In an email correspondence with IGN, Iwata said that Nintendo's online plans will differentiate from its chief competitors. The Wii U will not offer a universal achievements system or voice chat. Those features will be supported by some games, but not as a universal, system-based feature.
"We have not thought that offering the same features that already exist within other online communities would be the best proposal for very experienced game players," Iwata told IGN. "Nintendo has paid a great deal of attention to the dynamic of people playing video games together in the same room. With Wii U, we thought about expanding this concept into separate rooms, which are connected online."
Nintendo created a unique online message board, called Miiverse, in order to accomplish its online goals.
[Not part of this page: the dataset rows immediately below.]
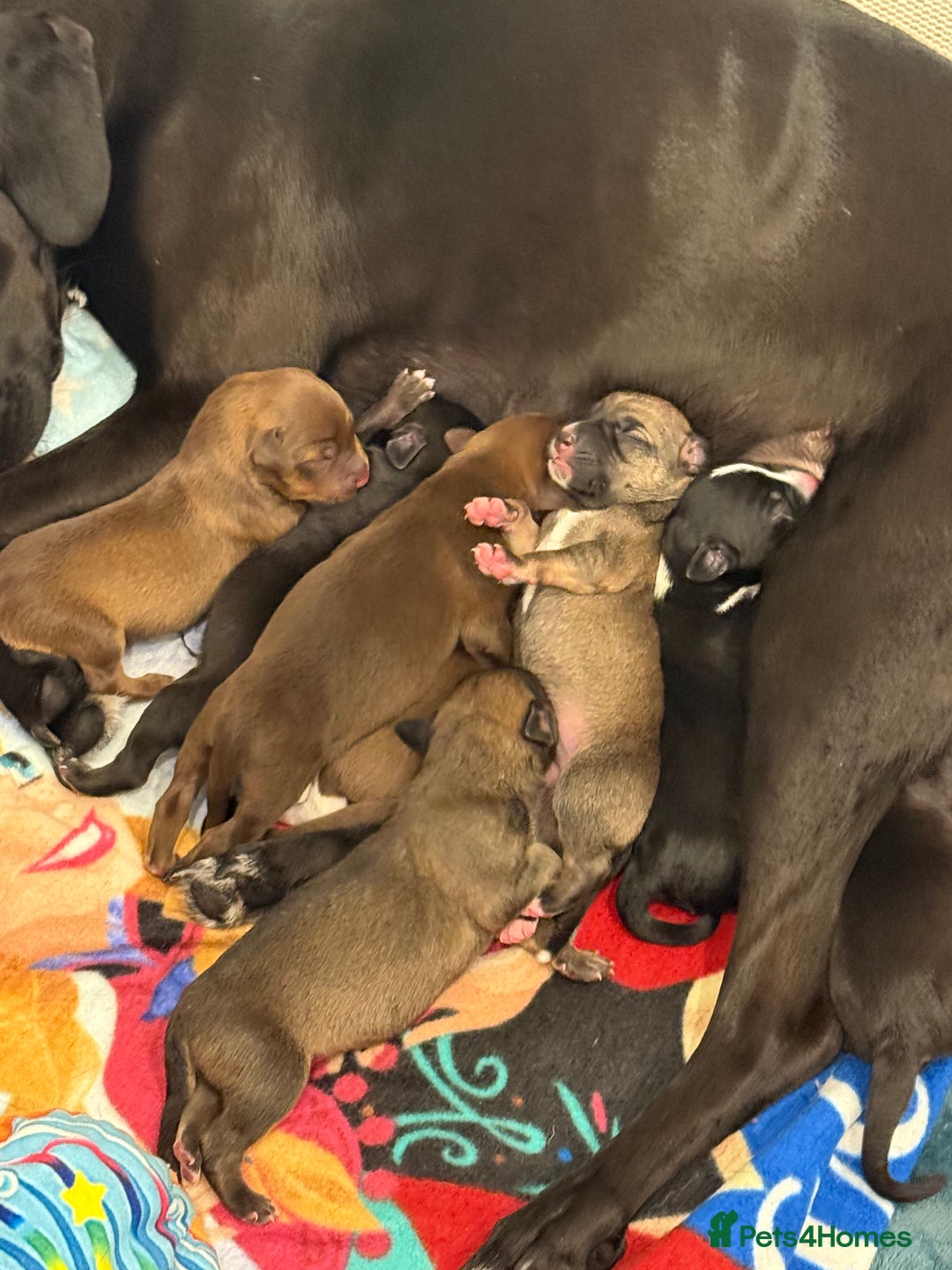 Borador dogs for sale: Border collie x lab puppies for sale  - Image 1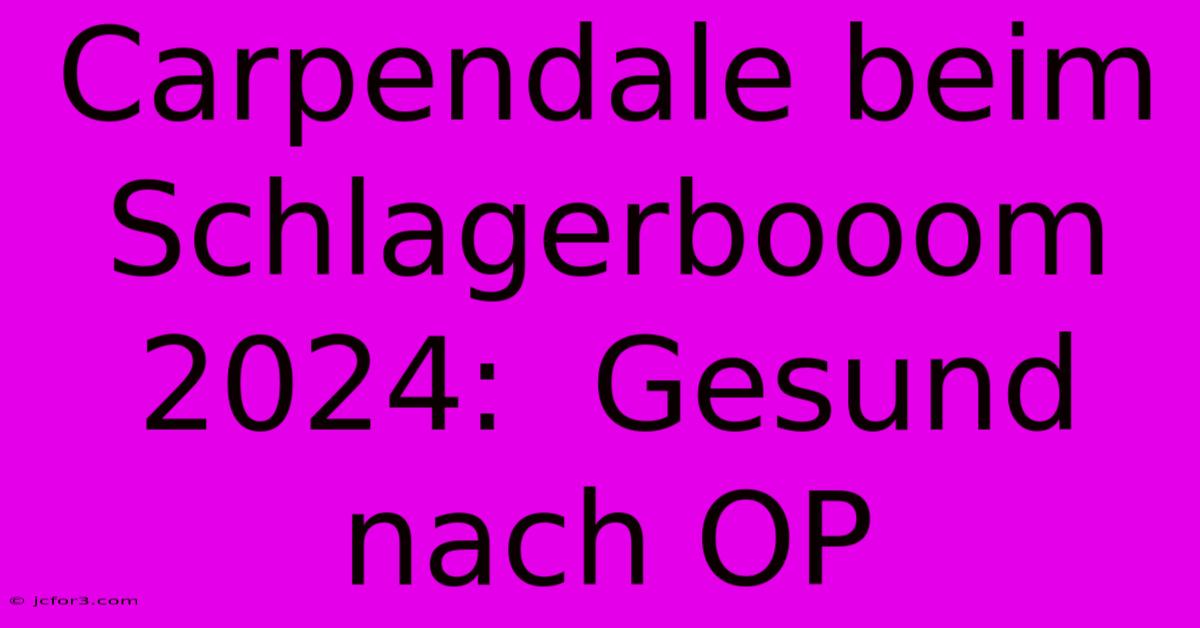 Carpendale Beim Schlagerbooom 2024:  Gesund Nach OP 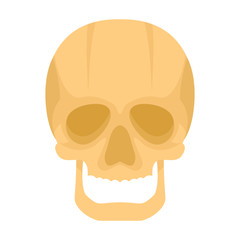 Skull icon in flat style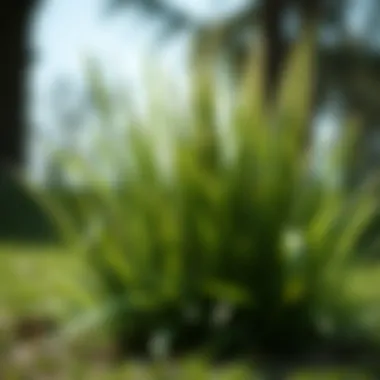 Notable Selecting the Optimal Grass Variants for Orlando, Florida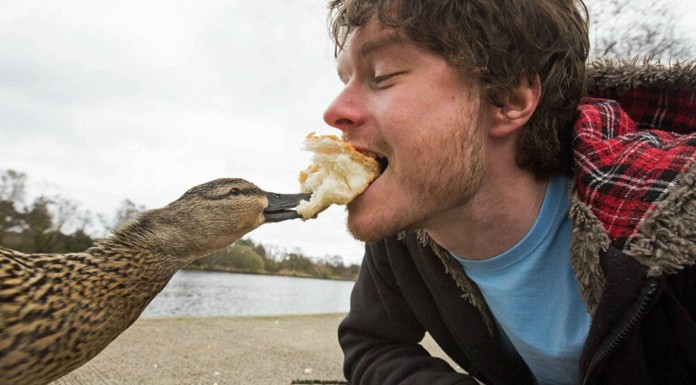 El hombre experto en selfies con animales (Parte II)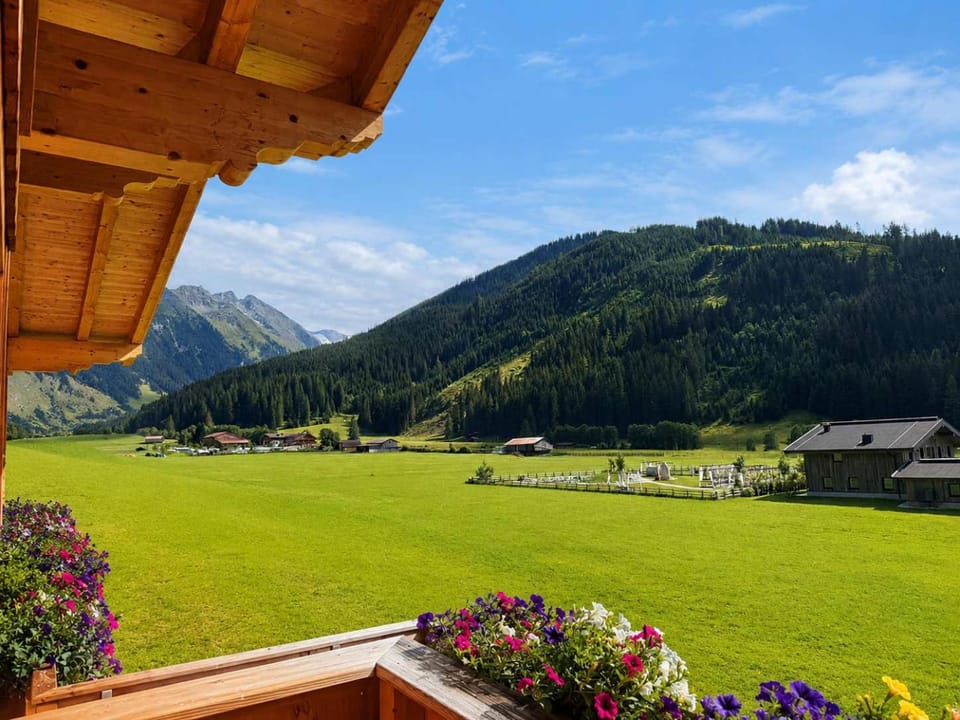 Mountain view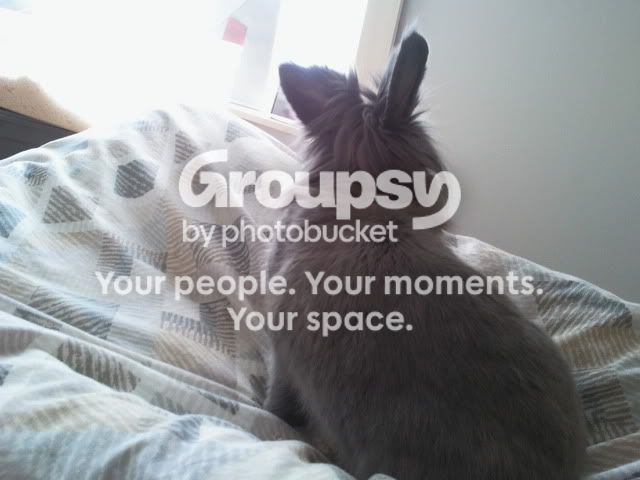 2011-04-25105636.jpg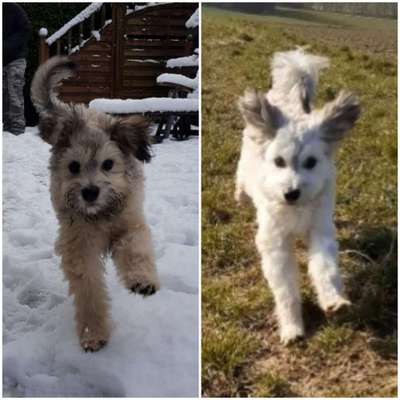 28. Handy-Fotochallenge - Damals und heute-Beitrag-Bild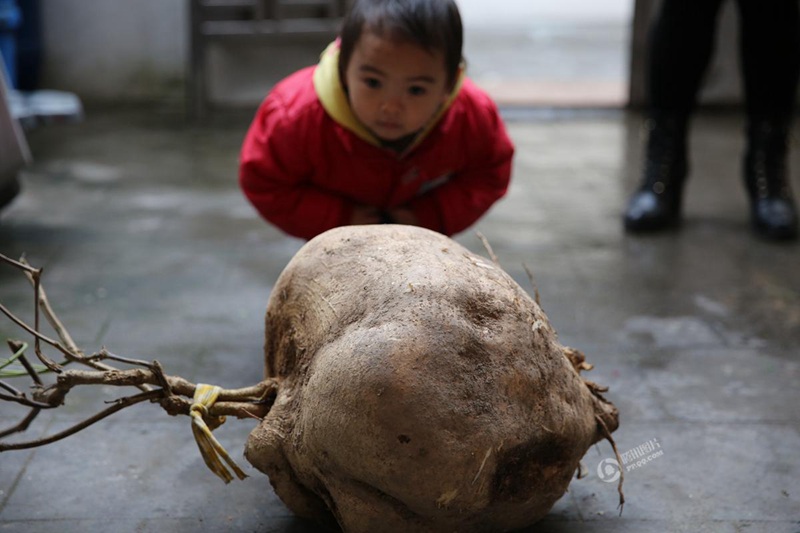 광둥 시민이 수확한 2년 자란 고구마, 무려 18.5kg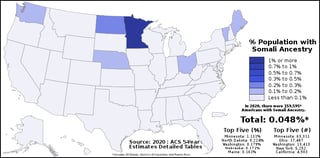 Picture of Somali Americans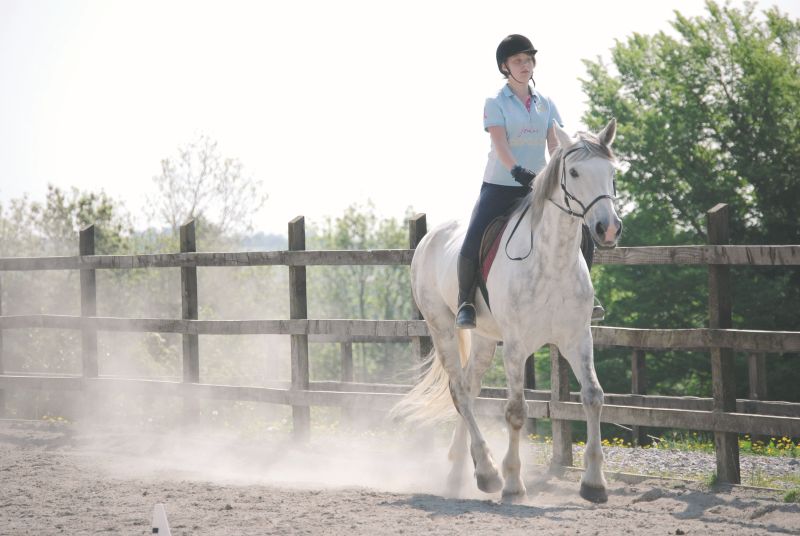 École d'équitation du comté de Galway
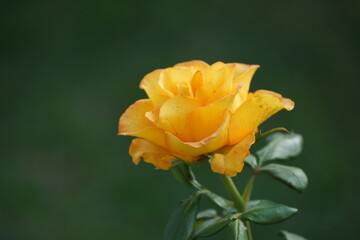 yellow rose flower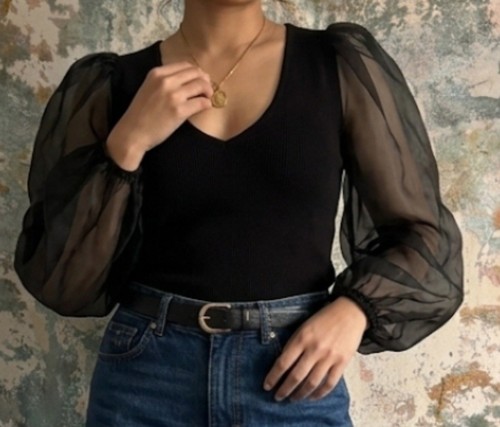 Zara black organza - zara, sheer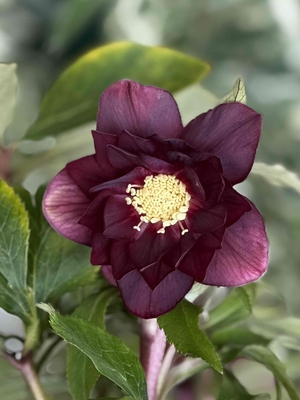 多弁系ベタダークレッドオーレアdd【Hi129】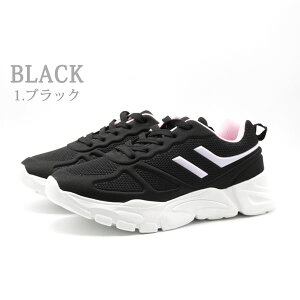 y25聚Pő8{z Xj[J[ h fB[X C   ubN lCr[ y y J  ɂ ʊw ʋ v`v vv PASTLARE SKR-1041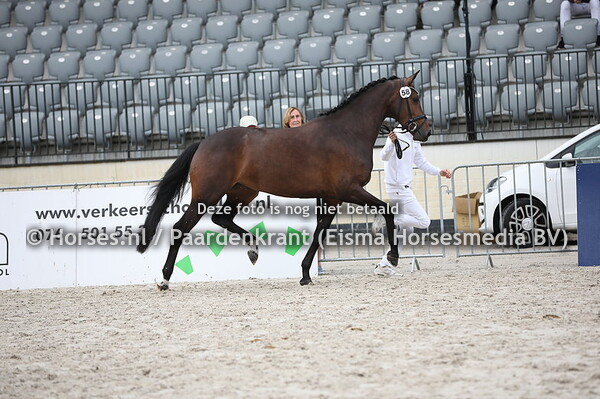 58 Kordellia-E (Franklin x Otivoli v. Jazz)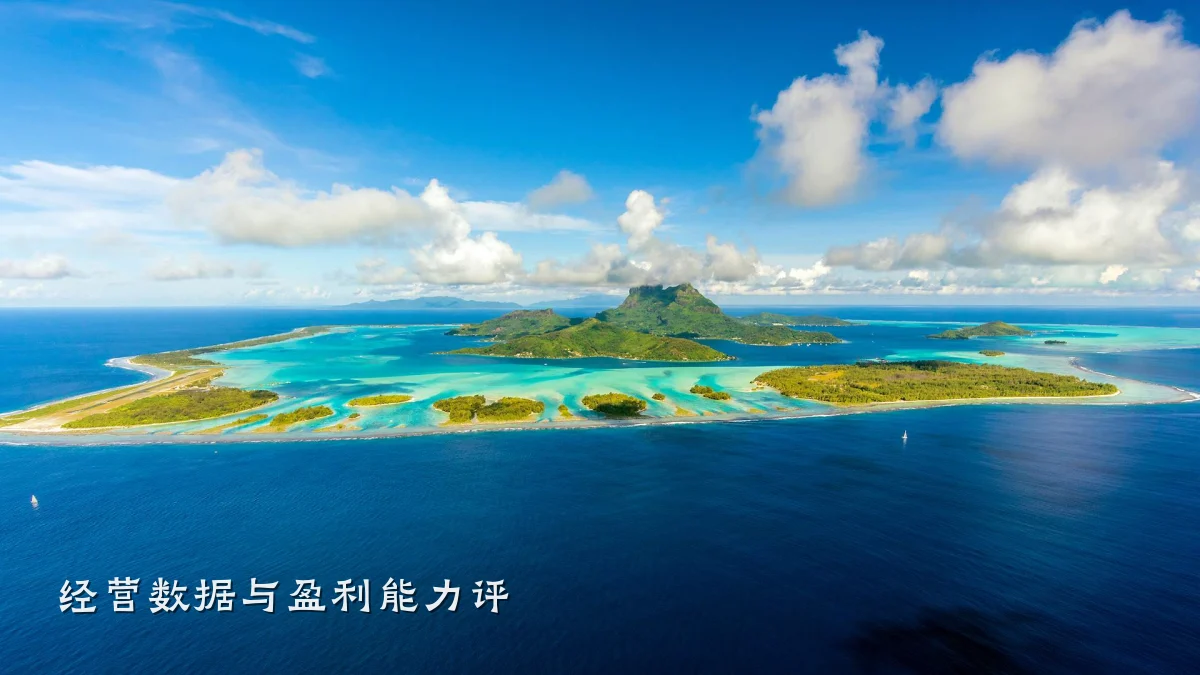 经营数据与盈利能力评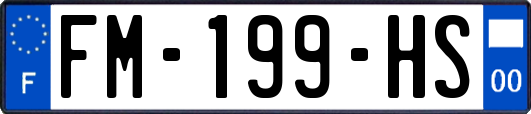 FM-199-HS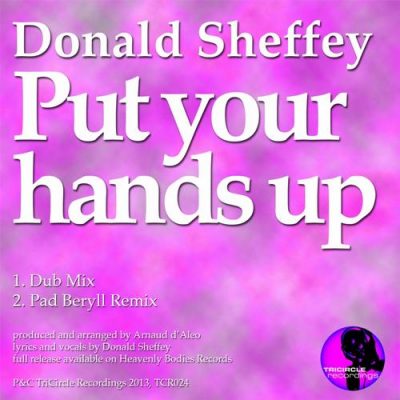 00-Donald Sheffey-Put Your Hands Up TCR024-2013--Feelmusic.cc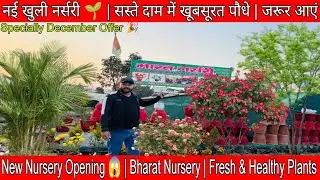 NEW BHARAT NURSERY IN RAIPUR 
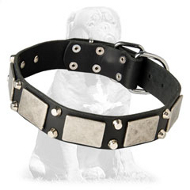 Mastiff Leather Collar with Nickel Plates and Two Pyramids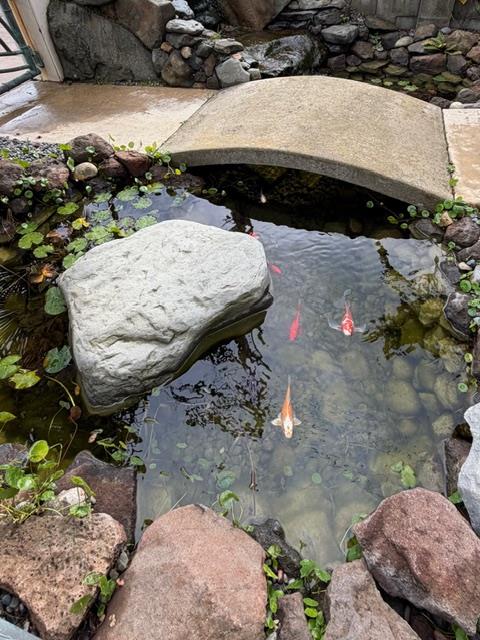 131 30th Avenue Santa Cruz, CA 95062 - Photo 25 of 29 a view of a backyard of a house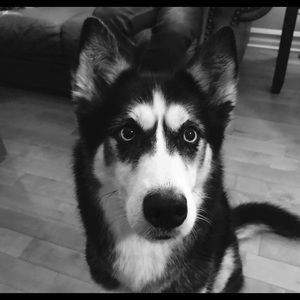 Meet your Posher, Linda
Iwata told IGN,"Miiverse is a network community dedicated to video games that represents a very unique game-dedicated social graph that has never existed before," he added, that "advancements and improvements" will continue to evolve the Wii U's experience.
Iwata also said he believes that the gamers should be able to enjoy all the new features of the Wii u out of the box, but that system updates are now part of today's industry.
"Personally I think that users should be able to use all the functions of a console video game machine as soon as they open the box," Iwata told IGN. "So I feel very sorry for the fact that purchasers of Wii U have to experience a network update which takes such a long time, and that there are the services which were not available at the hardware's launch."
Iwata also addressed the criticisms that the Wii U has received and said that these criticism have become common when Nintendo launches a new system and are forgotten when the system is successful.
"The brand new user interfaces that Nintendo invented often faced skeptical views before a hardware launch, but wound up becoming de facto industry standards," Iwata said. "The majority of observers had skeptical views toward the potential of the Wii as a game machine. Exactly the same thing could be said about Nintendo DS. These are typical examples of hindsight bias where, only after noticing that these machines had sold beyond their expectations, their memories have been rewritten."
He says that once people get their hands on the Wii U, they will recognize that the system has lots of entertainment potential.
"It is challenging to communicate attractions which are hard to understand unless you actually touch and experience them yourself," Iwata told IGN. "This is especially so with Wii U because it has unprecedented entertainment potential."